This is an minimal example using XGBClassifier
, but am interested how this would work in general. I am trying to wrap the model class in order to use it in cross validation. In this case I am only weighing the imbalanced classes, but my ultimate goal is a bit broader change in the pipeline.
My first try was to simply override the fit function:
from sklearn import metrics
from sklearn.utils.class_weight import compute_sample_weight
from sklearn.model_selection import cross_val_score
from sklearn.model_selection import RepeatedStratifiedKFold
from sklearn.model_selection import train_test_split
from xgboost import XGBClassifier
from sklearn.base import BaseEstimator, ClassifierMixin
class WeightedXGBClassifier(XGBClassifier, BaseEstimator, ClassifierMixin):
@staticmethod
def get_weights(y):
sample_weights = compute_sample_weight(class_weight='balanced', y=y)
return sample_weights
def fit(self, X, y, **kwargs):
weights = self.get_weights(y)
super(XGBClassifier, self).fit(X, y, sample_weight=weights, **kwargs)
which works fine, when I'm trying to fit the model, use predictions etc.. But using this in sklearn cross_val_score
xgb_model_cv = WeightedXGBClassifier(n_estimators=100, max_depth=4, alpha=100, use_label_encoder=False)
cv = RepeatedStratifiedKFold(n_splits=10, n_repeats=3, random_state=1)
auc_scorer = metrics.make_scorer(metrics.roc_auc_score, needs_proba=True)
scores = cross_val_score(xgb_model_cv, X, y, scoring=auc_scorer, cv=cv, n_jobs=-1, verbose=1)
throws an error
File "/home/ubuntu/anaconda3/envs/pyTF/lib/python3.9/site-packages/sklearn/model_selection/_validation.py", line 767, in _score
scores = scorer(estimator, X_test, y_test)
File "/home/ubuntu/anaconda3/envs/pyTF/lib/python3.9/site-packages/sklearn/metrics/_scorer.py", line 106, in __call__
score = scorer._score(cached_call, estimator, *args, **kwargs)
File "/home/ubuntu/anaconda3/envs/pyTF/lib/python3.9/site-packages/sklearn/metrics/_scorer.py", line 306, in _score
y_pred = self._select_proba_binary(y_pred, clf.classes_)
AttributeError: 'WeightedXGBClassifier' object has no attribute 'classes_'
Now, it is my understanding the classes_
attribute is created, when the model is fitted, but I am not sure how to then properly wrap the model to capture this.
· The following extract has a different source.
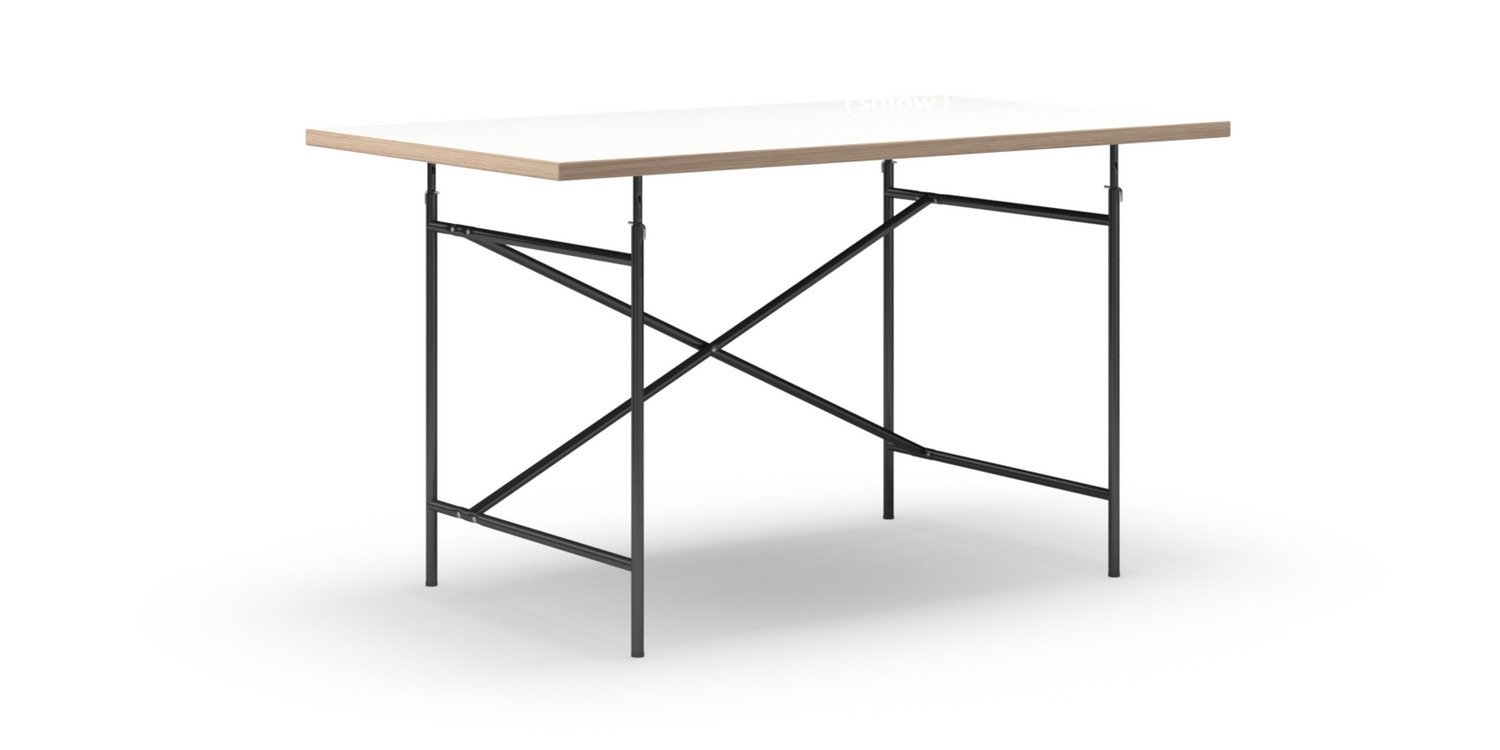 Richard Lampert Eiermann Tisch Melamin Weiss Mit Eichekante 140 X 80 Cm Schwarz Senkrecht Versetzt Eiermann 2 100 X 66 Cm Von Egon Eiermann Designermobel Von Smow De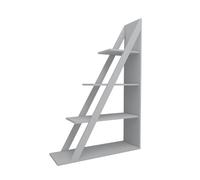 Hanah Home Modern White Bookshelf, 100 cm x 150 cm x 29,5 cm | 100% melamina revestida de partículas, 18 mm de Grosor, Pared de montaña, diseño escandinavo, Almacenamiento versátil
Note that running
model = XGBClassifier(use_label_encoder=False, scale_pos_weight=(~y).sum()/y.sum())
cv = RepeatedStratifiedKFold(n_splits=10, n_repeats=3, random_state=1)
scores = cross_val_score(model, X, y, scoring='roc_auc', cv=cv, n_jobs=-1)
works fine. My second try was:
class XGBClassifierWrapper(BaseEstimator, ClassifierMixin):
def __init__(self, **kwargs):
# super(BaseEstimator).__init__()
# super(ClassifierMixin).__init__()
self.xgb_classifier_obj = XGBClassifier(**kwargs)
@staticmethod
def get_weights(y):
sample_weights = compute_sample_weight(class_weight='balanced', y=y)
return sample_weights
def fit(self, X, y, **kwargs):
weights = self.get_weights(y)
self.xgb_classifier_obj.fit(X, y, sample_weight=weights, **kwargs)
return self
def predict(self, X, **kwargs):
return self.xgb_classifier_obj.predict(X, **kwargs)
def predict_proba(self, X, **kwargs):
return self.xgb_classifier_obj.predict_proba(X, **kwargs)
which again resulted in the same error as in the case above, i.e., missing classes_
attribute.
(I don't actually get an error when I run any of your code; however, I do get a scores
consisting only of nan
, and adding error_score='raise'
I get your error message.)
In the first approach, I believe the only real problem is in your initialization. super(XGBClassifier, self)
: that's looking for a parent class of XGBClassifier
, and not XGBClassifier
itself, as I assume you want. Replacing with just the vanilla super()
and everything works.
You should also add return self
to the end of fit
in your first attempt, but it's not important here. You can probably safely drop BaseEstimator
and ClassifierMixin
from the inheritance, since XGBClassifier
already inherits from them.
Your second, wrapper, approach just fails because the wrapped xgb_classifier_obj
has all the fitted attributes, including classes_
, but your wrapper doesn't expose that directly. You can just set self.classes_ = self.xgb_classifier_obj.classes_
in fit
, or perhaps define a @property
delegation.
You should also consider that your __init__
this time doesn't meet the sklearn API, so cloning won't work correctly. I'd advise using the first approach for this reason (fixing it requires rather more tedious work, in my opinion).